Thursday, March 25, 2010

Large Banks Not Adequately Serving Small Businesses

While there is little denying the revenue potential of serving the financial needs of small businesses, there continues to be a significant disconnect between small business needs and the way large banks serve this segment according to a research report released today by Aite Group (Small Business Opportunities: Are Large Banks Missing the Boat?). And with the continuing financial crisis, availability of sophisticated cash management products to smaller banks and the significant negative press around large banks, this gap in expectations is widening. In fact, the percentage of large bank small business customers describing themselves as 'extremely satisfied' with their primary institution has dropped from 50% in 2007 to 33% in 2009. This has led to a shift of small businesses considering a community bank to be their primary financial institution from 24% in April 2006 to 35% in April 2009.

According to Christine Barry from Aite Group, the low satisfaction rates and disappointing cross-sell ratios are due in large part to large bank's failure to properly segment the small business market, thereby improving the understanding of the market. Without adequate segmentation and research, it is difficult to provide a personalized experience based on the small business' unique needs.

Another challenge is that it is difficult to even identify all small businesses since as many as two-thirds don't have business banking accounts according to a 2009 Javelin Strategy & Research report. These relationships may pay lower fees by being handled in the consumer platform initially, but they are quickly underserved as they grow and their needs expand to include payroll, specialized lending and enhanced cash management services.
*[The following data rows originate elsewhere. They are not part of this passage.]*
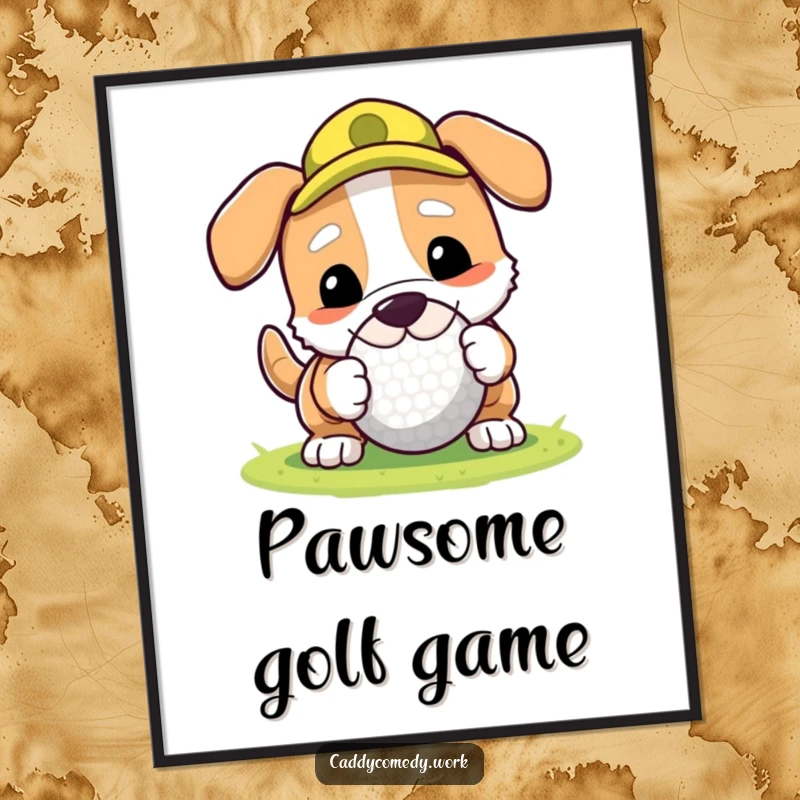 Funny dog golfer art print, showing a dog rolling a golf ball with its nose in a humorous, playful way.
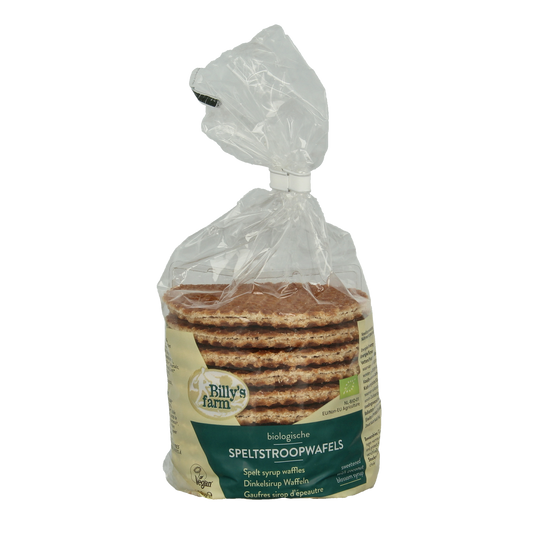Billy's Farm organic spelt stroopwafels koeken in a 300g package, showing golden-brown waffles with caramel filling.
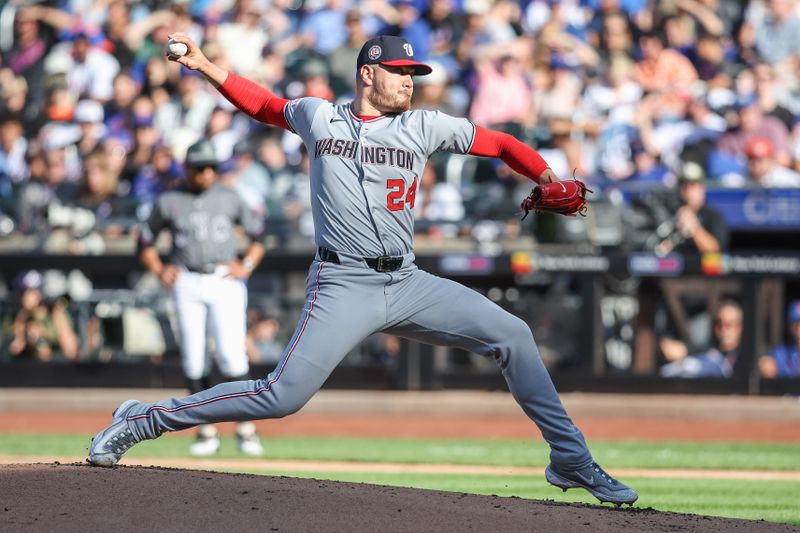 Sep 20, 2025; New York City, New York, USA; Washington Nationals starting pitcher Cade Cavalli (24) pitches in the first inning against the New York Mets at Citi Field. Mandatory Credit: Wendell Cruz-Imagn Images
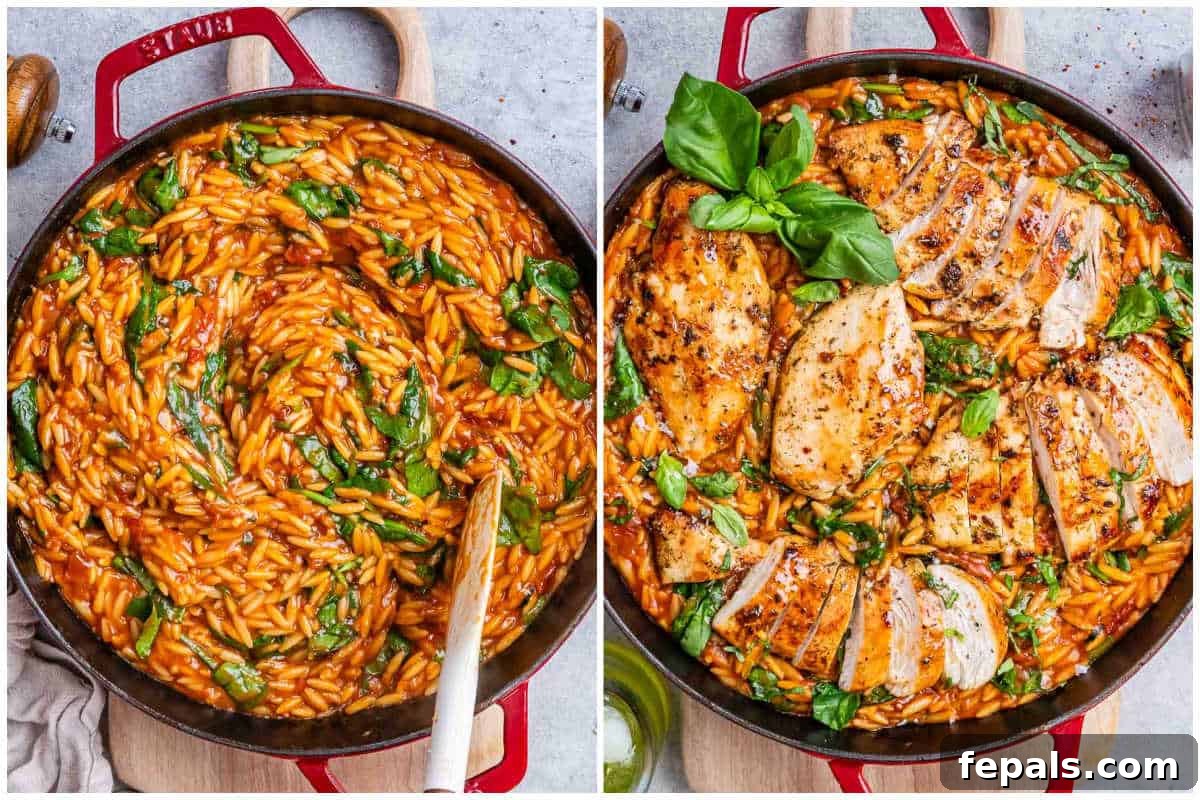 process shot to cooking the orzo in sauce and topping with chicken.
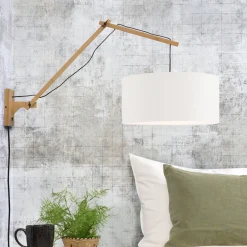 Discount GOOD&MOJO Wandlamp Andes Naturel, Ø47cm, Bamboe en Eco linnen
One of the responses to this need to better understand the underserved small business banking customer is a shift in reporting structure at some large banks from being handled through the retail or commercial side of the bank to being handled by a standalone small business unit, where specific offline and online products can be developed and needs adequately researched. Another response has been the introduction of new services for this segment including scaled down cash management services, invoicing and payroll services and personal/business financial management products.
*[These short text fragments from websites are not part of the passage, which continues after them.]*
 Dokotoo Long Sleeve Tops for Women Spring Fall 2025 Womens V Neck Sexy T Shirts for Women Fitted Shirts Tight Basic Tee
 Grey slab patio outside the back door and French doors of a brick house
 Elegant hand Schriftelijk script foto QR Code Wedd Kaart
To win in the small business banking competition, it will be imperative to segment small businesses beyond a size categorization that neglects industry or needs segmentation. Data collection will also need to be enhanced since the amount of public information is much less reliable for small businesses than for retail customers. Finally, there needs to be constant direct communication with small businesses to demonstrate the desire to serve this segment and to provide ongoing leads for a better trained sales force.